• _EXTRACTED DATA_
--- START ---

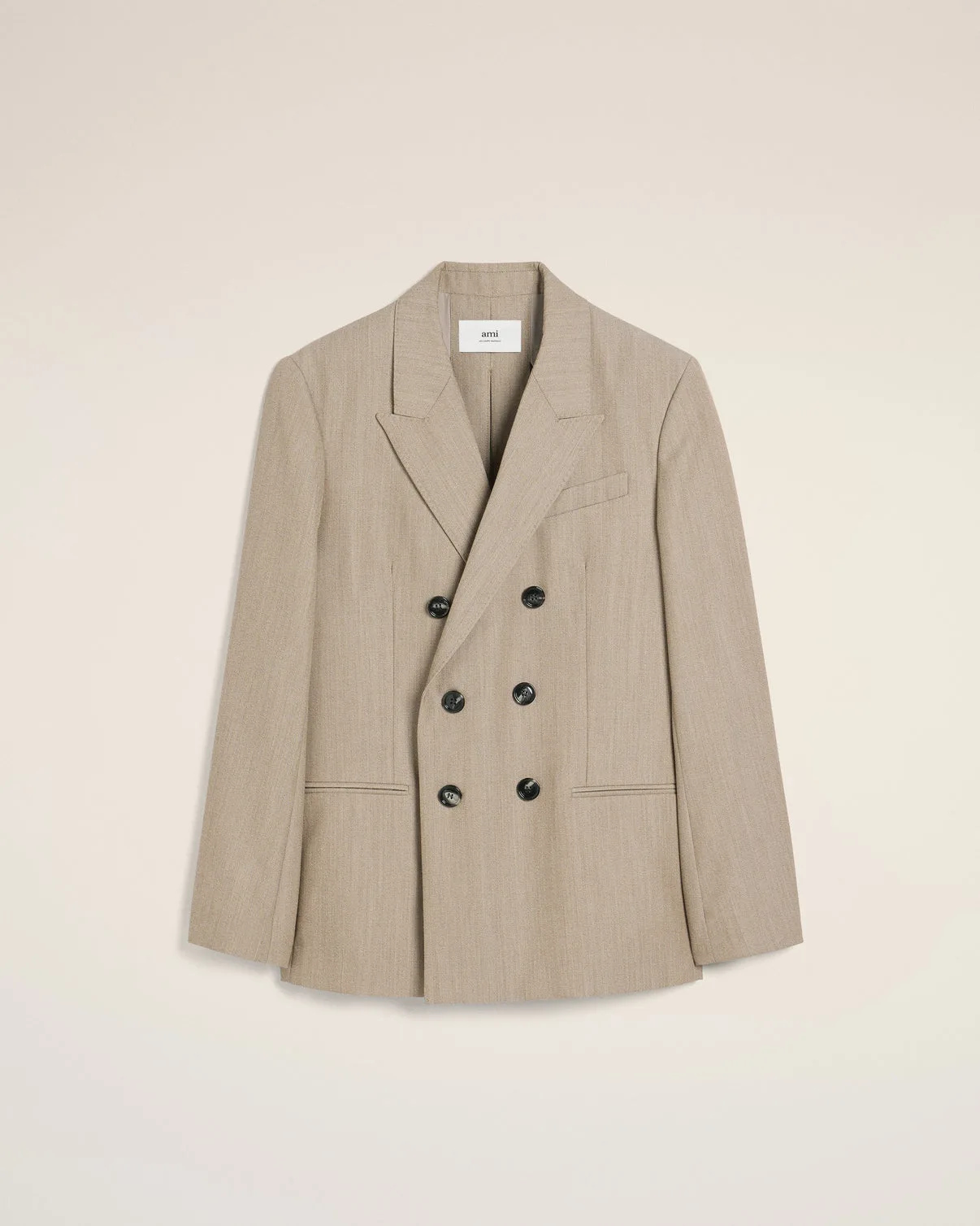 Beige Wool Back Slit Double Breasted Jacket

--- END ---
--- START ---

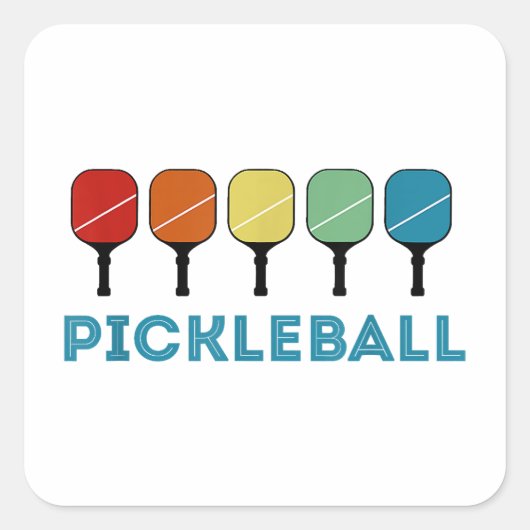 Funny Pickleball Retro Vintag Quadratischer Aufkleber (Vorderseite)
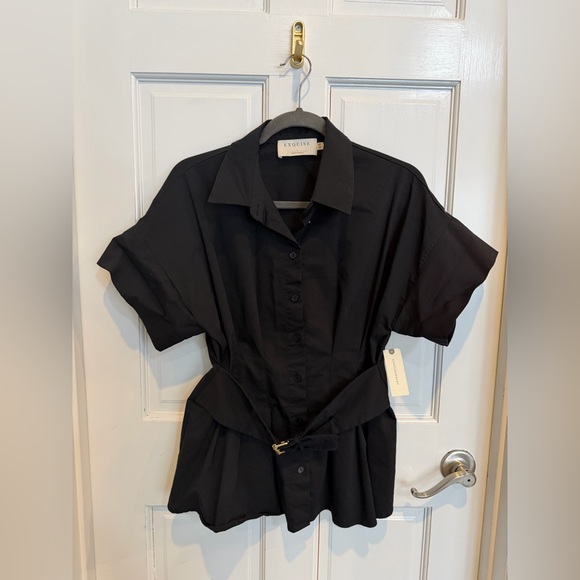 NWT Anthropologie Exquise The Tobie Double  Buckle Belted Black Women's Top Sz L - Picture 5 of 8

--- END ---
--- START ---

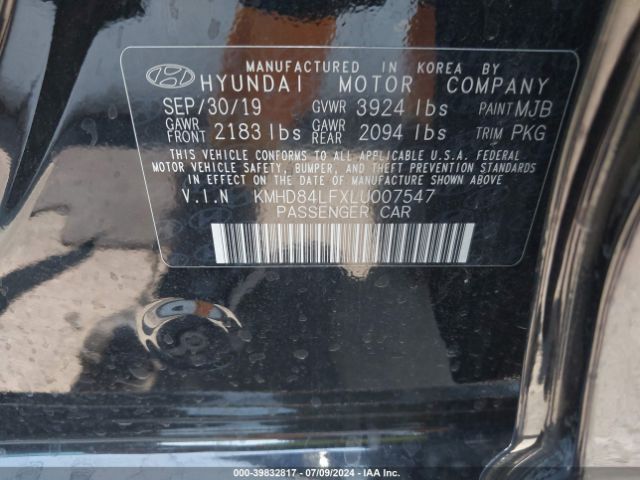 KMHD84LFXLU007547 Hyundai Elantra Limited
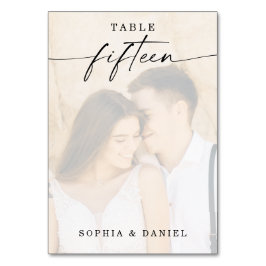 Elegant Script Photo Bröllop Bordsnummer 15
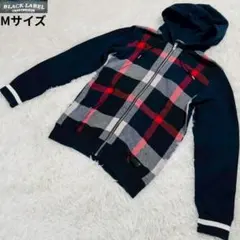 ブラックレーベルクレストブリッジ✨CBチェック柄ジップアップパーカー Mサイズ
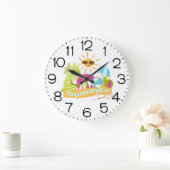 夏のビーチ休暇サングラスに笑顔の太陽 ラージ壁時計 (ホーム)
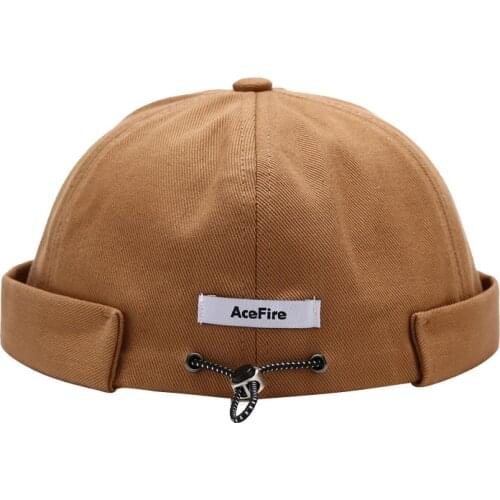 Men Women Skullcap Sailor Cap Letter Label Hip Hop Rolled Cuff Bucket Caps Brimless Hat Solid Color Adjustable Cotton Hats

--- END ---

• _EXERCISE_
Above are some records. Reproduce the lines from the one with "KMHD84LFXLU007547 Hyundai Elantra Limited" down to the one with "Men Women Skullcap", keeping both, and leave every picture out.

• _SOLUTION_
 KMHD84LFXLU007547 Hyundai Elantra Limited
 Elegant Script Photo Bröllop Bordsnummer 15
 ブラックレーベルクレストブリッジ✨CBチェック柄ジップアップパーカー Mサイズ
 夏のビーチ休暇サングラスに笑顔の太陽 ラージ壁時計 (ホーム)
 Men Women Skullcap Sailor Cap Letter Label Hip Hop Rolled Cuff Bucket Caps Brimless Hat Solid Color Adjustable Cotton Hats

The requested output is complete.